Ellen: 5, maybe 7 years old.

     3. DID THIS BOTHER YOU IN ANYWAY, AND IF SO, HOW?

     Ellen: Bothered? Not in any respect. I liked controlling my parents.

     4. AS YOU PROGRESSED IN LIFE, HOW DID YOU LEARN TO MANIPULATE OTHERS?

    Ellen: Learn this from how I handled my parents. Mom had two still births before I popped out.

     5. WHEN DID YOU LEARN TO INTIMIDATE OTHERS?

    Ellen: when I didn’t get my way. If crying didn’t work, I’d have major tantrums. I’d smash shit, break vases, cause all sorts of embarrassments to my parents.

     Me: Let me clarify: At what age?

     Ellen: 12 or so.

     Me: How did you catch this?



     Ellen: I watched their facial responces. Granted, I did not know what the term was then. I’d pick up on their looks of shame and horror. And I would run with it to their giving in to me. They shut me up by giving me my way. Is that enough?

     Me: Yes, thank you.

     6. DID YOUR FAMILY KNOW WHAT WAS GOING ON WITH YOU?

     Ellen: No sir! They had other things to worry about.
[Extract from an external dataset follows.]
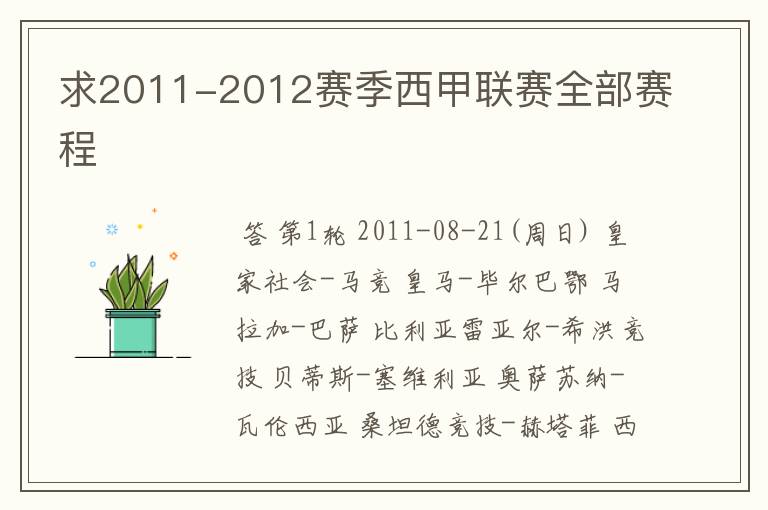 求2011-2012赛季西甲联赛全部赛程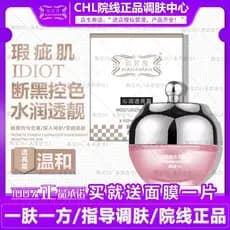 Xianximan Creme Hidratante Iluminador 25g Creme Metabólico de Controle de Cor Prevenir Anti-Preto Vitamina Creme Constan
Upper middle class whites worry more about social status than fucked up kids.

     7. WERE YOU SEXUALLY, EMOTIONALLY ABUSED BY YOUR FAMILY WHILE GROWING UP?
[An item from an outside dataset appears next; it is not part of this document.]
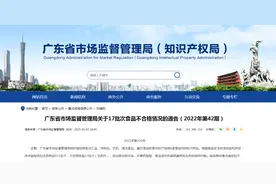 广东省市场监督管理局抽检111批次肉制品   3批次样品不合格图片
    Ellen: Honestly, Mark, no. I think it was quite the opposite in later years.

    Me; How’s that? Would you care to explain and if not, I understand.

    Ellen: Thanks for asking, Mark. I’d be happy to explain. I was 14-15 and I wanted to spend the weekend with my 20 year old boyfriend. His folks had this cabin. Nice seclusion. I wanted him to get me a car and knew I needed to put out. He thought I was much older than I was. A few kinky photos, enough people seeing us hugging, kissing, asking them to take photos of us and BLAM! I’d have his ass.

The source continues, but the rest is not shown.